### What to do:
When you copy the listing, reproduce each line as it appears and omit every image.

[Start of Attachment]

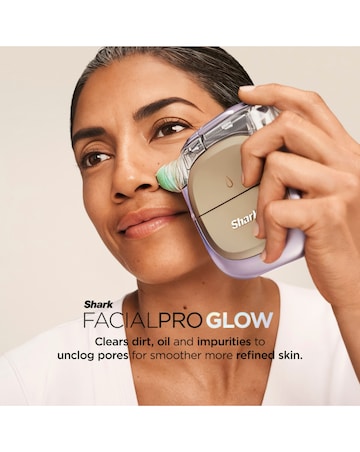 Shark Facialpro Glow + Depuffi At Home Facial - Spa Purple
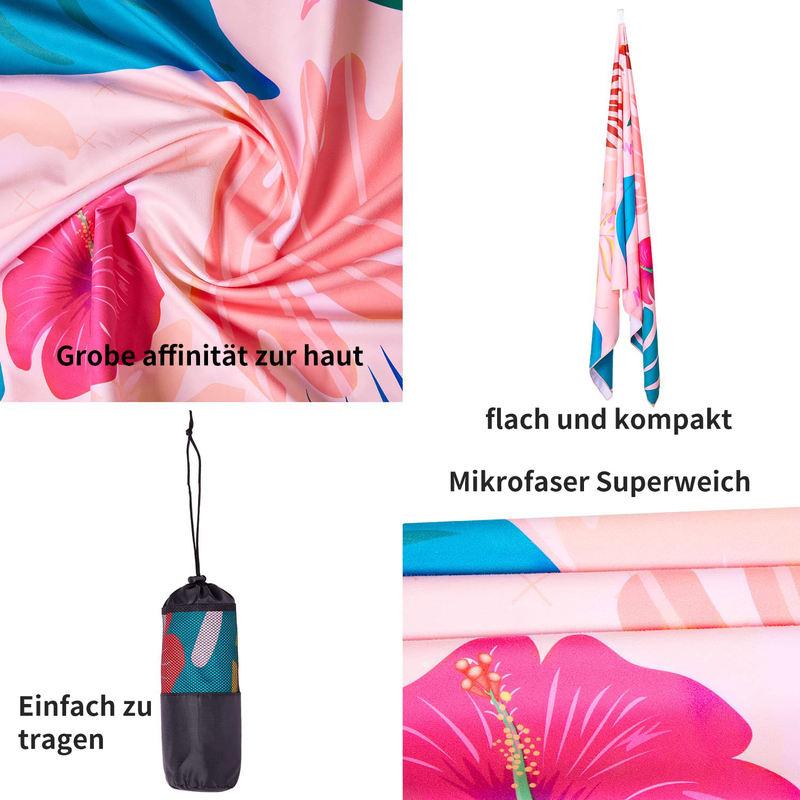 Customized Printed Sublimation Microfiber Quick Dry Sand Free Oversized Beach Towel with Logo Bath Towel for Travel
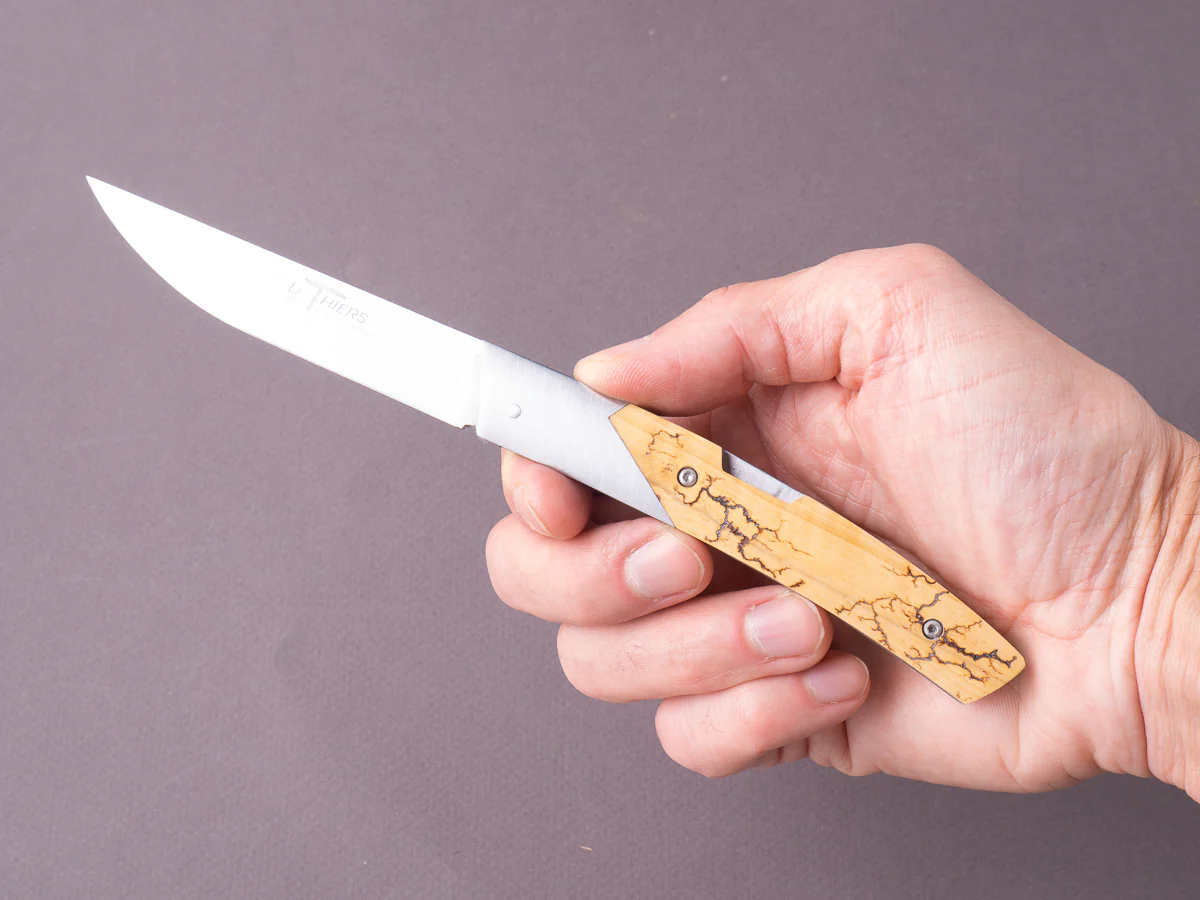 Fontenille-Pataud - Folding Knife - Le Thiers Advance - Lock Back - 90mm - Lightning Boxwood - Image 7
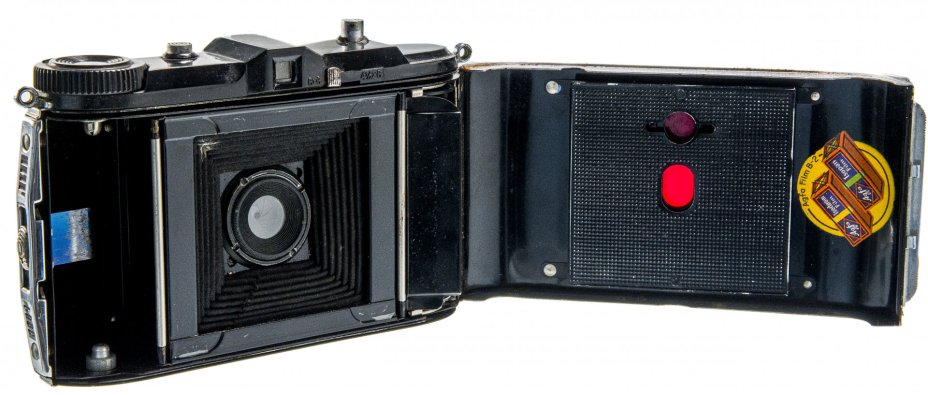 Фотоаппарат "Agfa Jsolette", металл, пластик, фирма "Agfa Kamerawerk AG", г. Мюнхен, Германия, 1936-1937 гг.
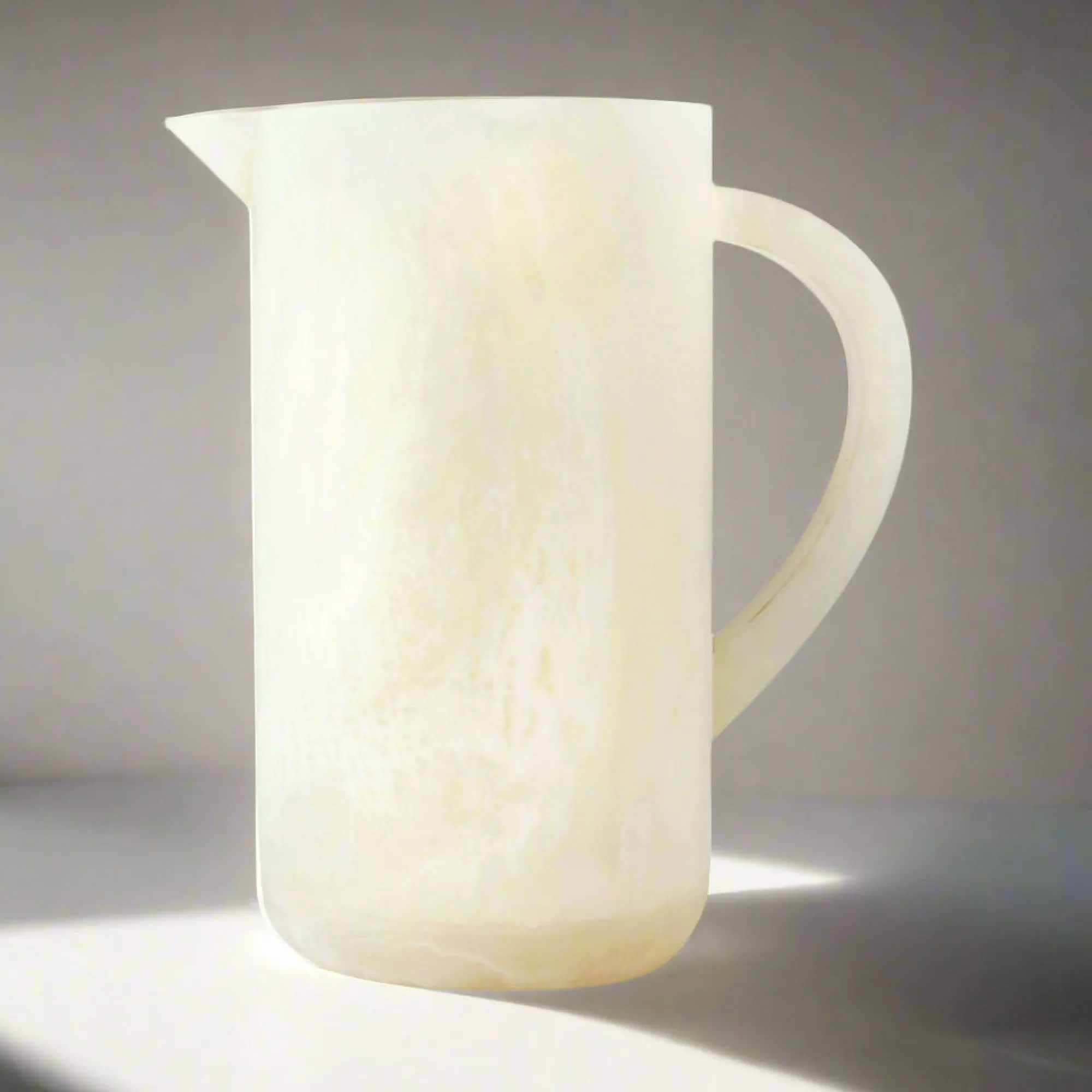 Best Godinger Lucente Resin Matte White Beverage Pitcher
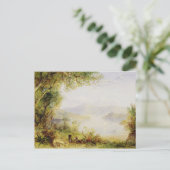 Uitzicht op de rivier de Hudson, c.1840-45 (olie o Briefkaart (Staand voorkant)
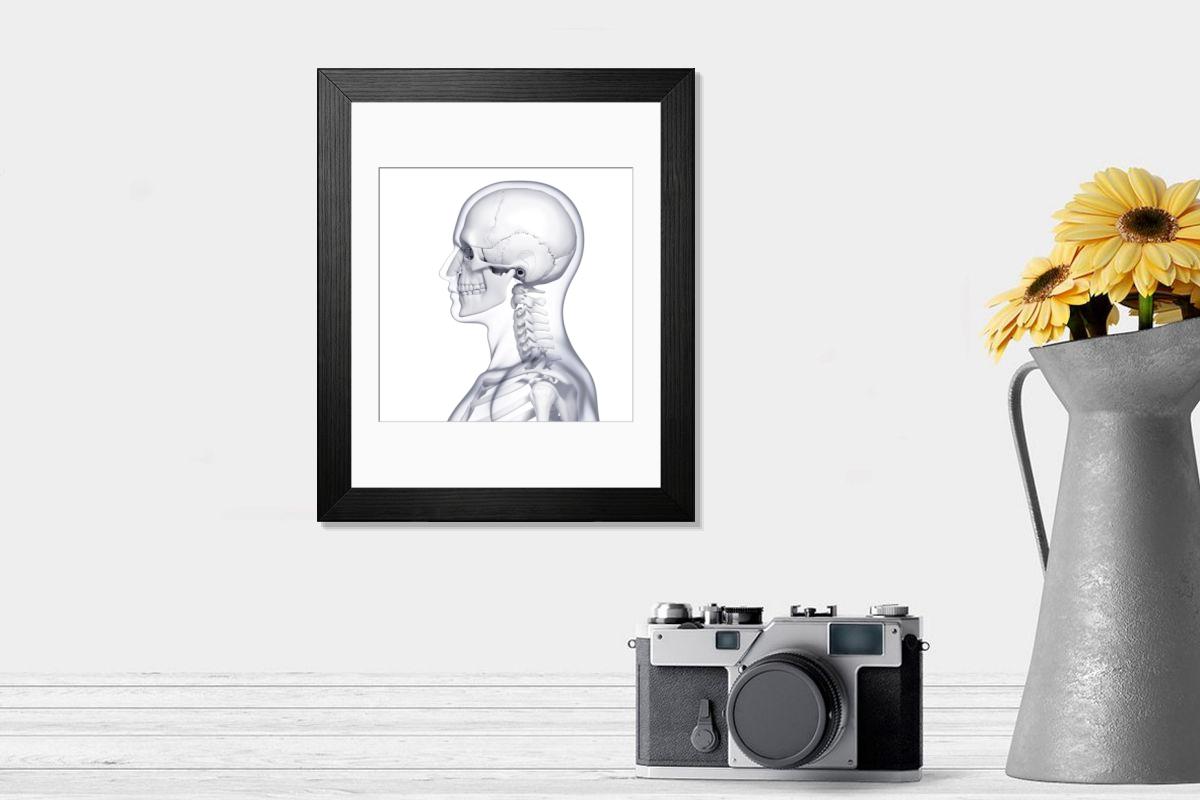 Shown hanging in a room: Modern 14"x12" (36x31cm)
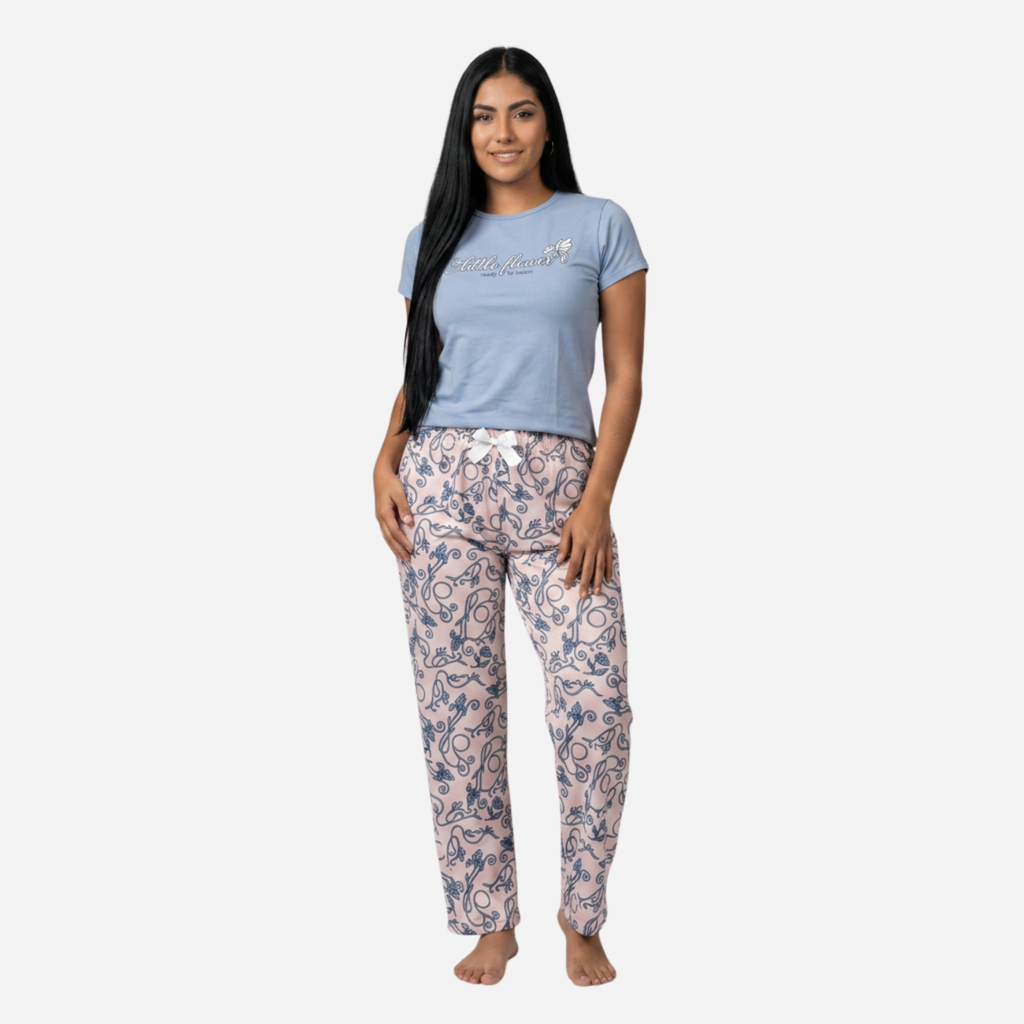 Pijama de Dama Blusa + Pantalón Ref. 51401-060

[End of Attachment]

### Output of the exercise:
 Shark Facialpro Glow + Depuffi At Home Facial - Spa Purple
 Customized Printed Sublimation Microfiber Quick Dry Sand Free Oversized Beach Towel with Logo Bath Towel for Travel
 Fontenille-Pataud - Folding Knife - Le Thiers Advance - Lock Back - 90mm - Lightning Boxwood - Image 7
 Фотоаппарат "Agfa Jsolette", металл, пластик, фирма "Agfa Kamerawerk AG", г. Мюнхен, Германия, 1936-1937 гг.
 Best Godinger Lucente Resin Matte White Beverage Pitcher
 Uitzicht op de rivier de Hudson, c.1840-45 (olie o Briefkaart (Staand voorkant)
 Shown hanging in a room: Modern 14"x12" (36x31cm)
 Pijama de Dama Blusa + Pantalón Ref. 51401-060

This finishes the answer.